È di circa 4,8 milioni di tonnellate il quantitativo di pomodoro da industria lavorato in Italia nel corso del 2019
PARMA – È un dato leggermente più alto di quello del 2018, quando il pomodoro lavorato lungo tutto lo Stivale raggiunse i 4,65 milioni di tonnellate, ma comunque più contenuto rispetto ad una previsione intorno ai 5 milioni di tonnellate che in tanti avevano prospettato ad inizio campagna. A livello mondiale previsioni in contrazione per la California, mentre in Europa segnali positivi arrivano dalla Spagna, per altro uno dei principali competitor del pomodoro italiano. Le stime del Wptc (World processing tomato counsil) di metà ottobre parlano di una produzione mondiale di 36,7 milioni di tonnellate, in aumento del 5,6% rispetto al 2018, ma in calo del 1,5% rispetto alle previsioni di febbraio.
L’Organizzazione interprofessionale Oi Pomodoro da industria del Nord Italia ha comunicato il dato di fine campagna, quasi definitivo, al netto degli aggiustamenti prima del dato consolidato, informando che, alla data del 13 ottobre, risultavano lavorate 2.366.508 tonnellate, quasi l’82% di quanto era stato contrattato ad inizio campagna con un quantitativo, quindi, sostanzialmente in linea con quello dello scorso anno.
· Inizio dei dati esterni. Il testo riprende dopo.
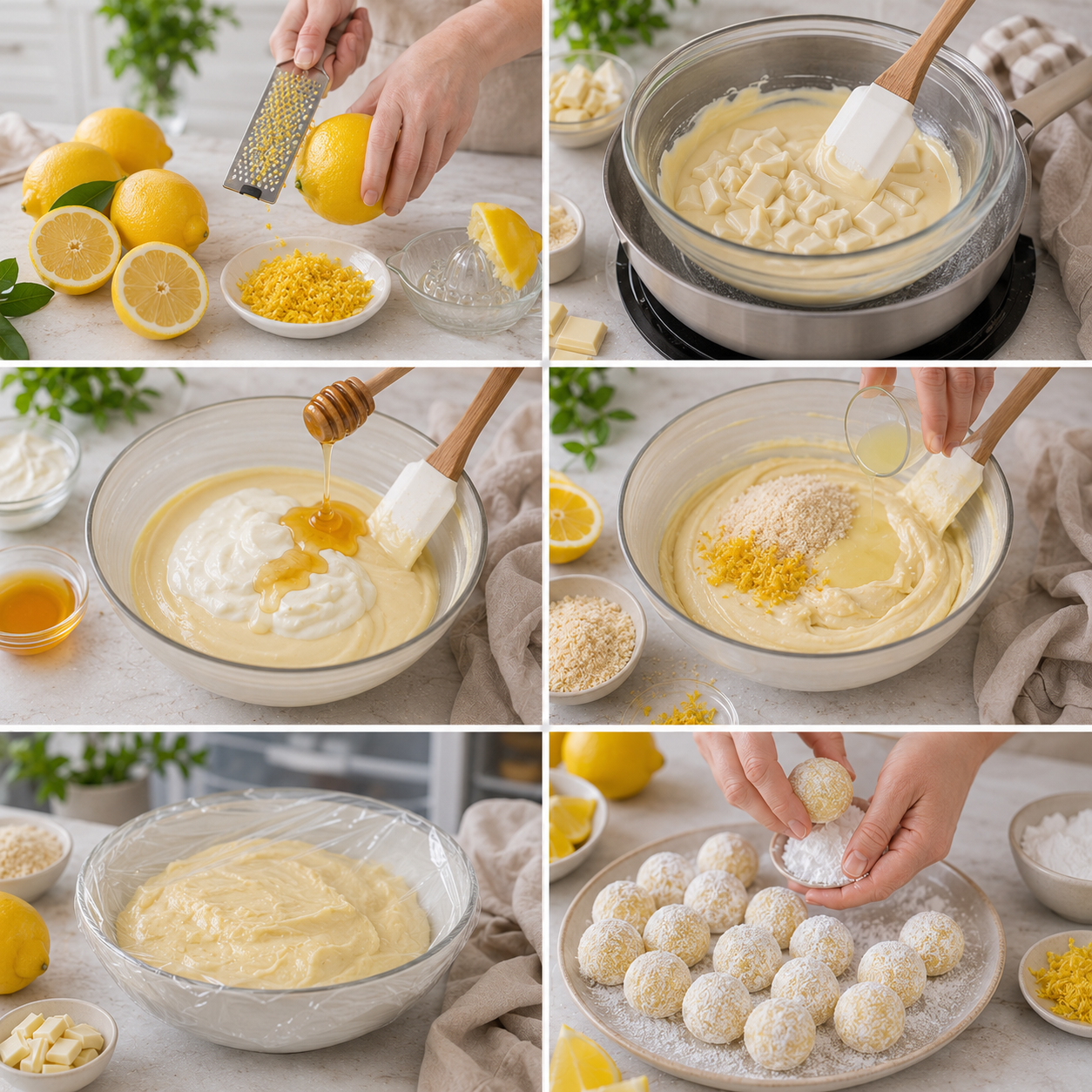 A cozy homemade cooking scene showcasing "Truffes au Citron Légères" on a rustic wooden kitchen table. In the foreground, a delicate plate filled with smooth, yellow lemon truffles dusted with powdered sugar, gleaming under soft natural light. Surrounding the plate, ingredients such as fresh lemons, zest, and a scattering of coconut flakes create an inviting atmosphere. In the middle ground, a small glass bowl of melted white chocolate and a wooden spoon sit ready for use. The background features warm kitchen elements, like hanging herbs and a softly lit window that casts a gentle glow, enhancing the fresh, light mood. Use a shallow depth of field to focus on the truffles while softly blurring the background. The overall vibe is inviting, homely, and perfect for inspiring readers. Truffes au Citron Légères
In calo le rese: nel 2019 si è raggiunta quota 65 tonnellate per ettaro al cospetto di una media quinquennale di circa 70 tonnellate per ettaro. Buona la qualità del pomodoro lavorato al Nord, come testimonia il grado brix di 4,76, in media con gli anni passati. Nel complesso, in tutto il Nord Italia sono stati coltivati 36.600 ettari di pomodoro da industria, in aumento rispetto allo scorso anno mentre a livello nazionale gli ettari complessivi (dato Anicav) sono stati 64.500. L’Italia si conferma il secondo trasformatore mondiale dopo gli Usa e rappresenta il 13% della produzione mondiale e circa la metà del trasformato europeo, con un fatturato totale di oltre 3,3 miliardi di euro.
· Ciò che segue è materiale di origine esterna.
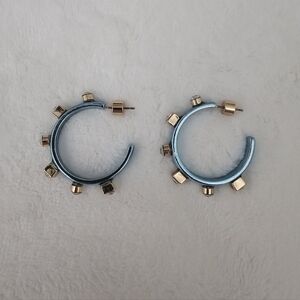 Light Blue Metallic Mixed Metal Hoops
“Manca circa il 18% del pomodoro contrattato – ha commentato Tiberio Rabboni, presidente dell’Oi -, ma ad incidere sul risultato è stata soprattutto la bassa resa per ettaro. Questo perché la campagna 2019 ha dovuto affrontare, specie nella fase iniziale, numerose difficoltà sul piano climatico. Hanno inciso le piogge continue ed il freddo di maggio, che hanno comportato in diverse zone uno spostamento in avanti anche di un paio di settimane dei trapianti e le successive ondate di calore che non hanno permesso uno sviluppo omogeno delle piantine. Uno scenario che dimostra, ancora una volta, come vada affrontato, in modo efficace, il tema del cambiamento climatico. Il dato del consegnato di quest’anno è solo lievemente inferiore a quello dello scorso anno perché, pur a fronte di una superficie maggiore, le rese per ettaro sono poi state molto più contenute rispetto alle previsioni. Il bel tempo dei mesi di settembre ed ottobre ha permesso di recuperare quantitativi di produzione tanto che, storicamente, non si era mai arrivati così avanti nel tempo, oltre la terza settimana di ottobre, con la campagna di raccolta del pomodoro negli ultimi anni”.
L’Anicav (Associazione nazionale industriali delle conserve alimentari vegetali) nel commentare l’andamento della campagna, ha messo in evidenza che i “continui ‘stop and go’ degli impianti e l’allungamento della campagna hanno causato aumenti dei costi energetici, mentre le minori rese industriali, legate all’esigenza di utilizzare maggiori quantità di materia prima per riuscire a garantire gli elevati standard qualitativi, hanno avuto un impatto rilevante sui costi di produzione”.